Data Preprocessing Flashcards

Question 1

Q

What is a pipeline?

Answer

A

A series of steps we take to transform the data from an initial raw form into a clean form that we can feed into our learning algorithms.

Question 2

Q

What is scaling and when is it useful?

Answer

A

Data scaling is a technique used in data preprocessing to normalize or standardize the range of values of numeric features in a dataset. If a feature has very large values (either positive or negative) it can have a disproportional impact on the outcome of the learning algorithm. This is especially evident in distance-based algorithms, like KNN and SVMs (dot products). Also linear models can be affected, as the regularization is affected.

Data scaling prevents this by scaling features into the same range. In addition, the weights might be more interpretable if the weights have similar scales.

Question 3

Q

Explain standard scaling

Answer

A

Standard scaling works by calculating the mean and standard deviation for each dimension. Afterwards the mean is subtracted from the data and then the data is scaled according to the standard deviation. This means that the mean for every feature is exactly 0 and therefore all points are centered around 0.

x_new = (x - μ) / σ

We assume that the data is mostly gaussian distributed, though it does not have to be perfectly distributed this way.

Question 4

Q

Explain min-max scaling

Answer

A

All features are scaled between a min and max value. Often 0 and 1 are used for these values. This kind of scaling would only makes sense if the min/max values have meaning in your data (e.g. age).

x_new = (x - x_min) / (x_max - x_min) · (max - min) + min

Min-max scaling is very sensitive to outliers. Large values will squish the rest of the points together.

Question 5

Q

Explain Robust scaling

Answer

A

Robust scaling is similar to standard scaling, but instead of subtracting the mean, the median of each feature is subtracted from the data points. This means that half of the points will be to the left of 0, the other half will be to the right of 0. Afterwards, the data is scaled between the 25th percentile and 75th percentile in the range between -1 and 1.

Question 6

Q

Explain Normalization.

Answer

A

Makes sure that features values of each point sum up to 1, in case L1 regularization is used.

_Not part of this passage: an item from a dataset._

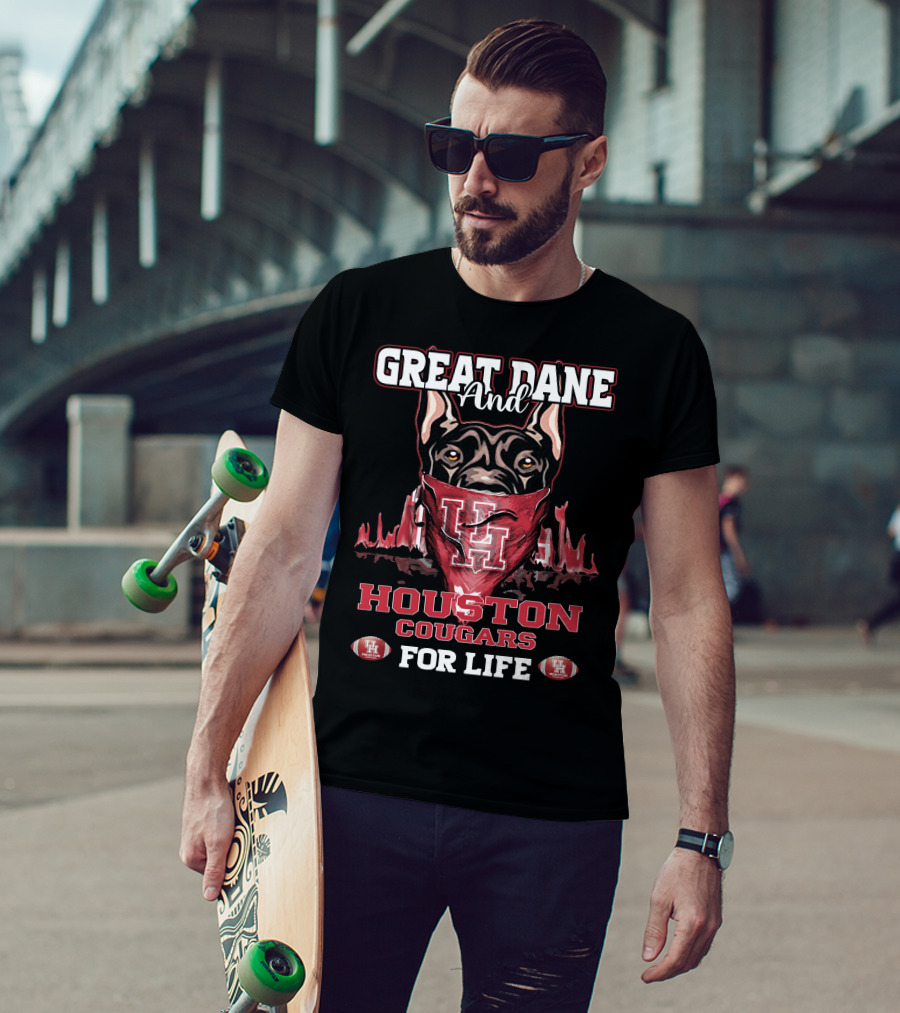 Great Dane And Houston Cougars For Life T-Shirt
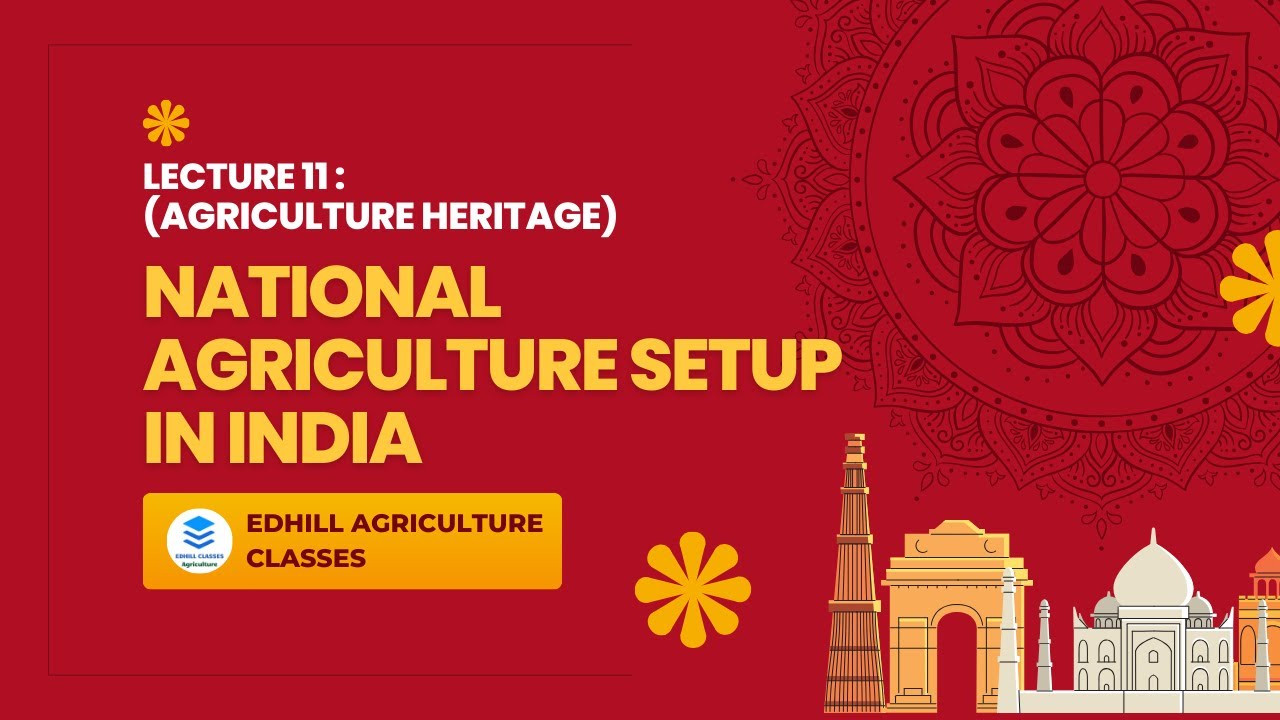 Lecture 11: National Agriculture Setup In India (Agriculture Heritage ...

This means that the values of each row count up to 1. This is often useful when we have very high dimensional data like count data, where each feature is the frequency of a word in a particular document (row).

If L2 regularization is used when calculating distances in high dimensional data. In these cases, often cosine similarity is used, but this is expensive to calculate. If your data is normalized, the Normalized Euclidean distance is equal to the cosine similarity. In this case the sum of squares is summed up to be 1: SUM(x²_i) = 1.

Question 7

Q

Explain Maximum Absolute scalers

Answer

A

Maximum Absolute scalers is often only useful when you have many features but few are non-zero (sparse data). The point of the Maximum Absolute scaler is that it keep the zeroed datapoint zero. This is important for efficient storage. It is similar to Min-Max scaling without changing the 0 values.

Question 8

Q

What if your data is not normally distributed at all?

Answer

A

Power transformations can be performed in this case. If we know the distribution of the data beforehand, we can scale the data in such a way so that it becomes normally distributed. For example, we can use a Box-Cox transformation to transform a lognormal or chi-squared distributed dataset into a normally distributed dataset.

Box-Cox formula with parameter λ:

if λ = 0 -> log(x)
if λ =/= 0 -> (x^λ - 1) / λ

λ can be learned on the training data.
If your data contains non-positive values the Yeo-Johnson transformation can be used.

Question 9

Q

Explain ordinal encoding, when it comes to encoding categorical features.

Answer

A

In ordinal encoding an integer value is assigned to each category in the order they are encountered. This is only useful if there exist a natural order in categories, because the model will consider one category to be ‘higher’ or ‘closer’ to another. For example it might be useful when you have categorical values like ‘very high’, ‘high’, ‘medium’ etc.

Question 10

Q

Explain one-hot encoding

Answer

A

For every category, one-hot encoding adds a new 0/1 feature for every category, having 1 (hot) if the sample has that category. This technique can explode when a feature has many different values. For example 200 different categorical values in a feature creates 200 new features, which can create problems with the learning algorithm.

It can also be that a value is only present in the test set, meaning that we did not encode this value in our one-hot vector. In this case we can resample our data or ignore this value.

Question 11

Q

Explain target encoding.

Answer

A

target encoding is a supervised way of encoding categorical values. It checks if the current class correlates with a positive (target) class 1 or a negative class 0. Target encoding blends the posterior probability of the target and the prior probability using the logic function. For the formula go to the slides.

Question 12

Q

What is meant with a fit-predict paradigm in relation to transformations?

Answer

A

The transformer should be fit on the training data only. Fitting means recording the mean and standard deviation and then transform (e.g. scale) the training data, and then train the learning model. Afterwards transform the test data and evaluate the model. Additionally it is important to only scale the input features (X) and not the targets (y) .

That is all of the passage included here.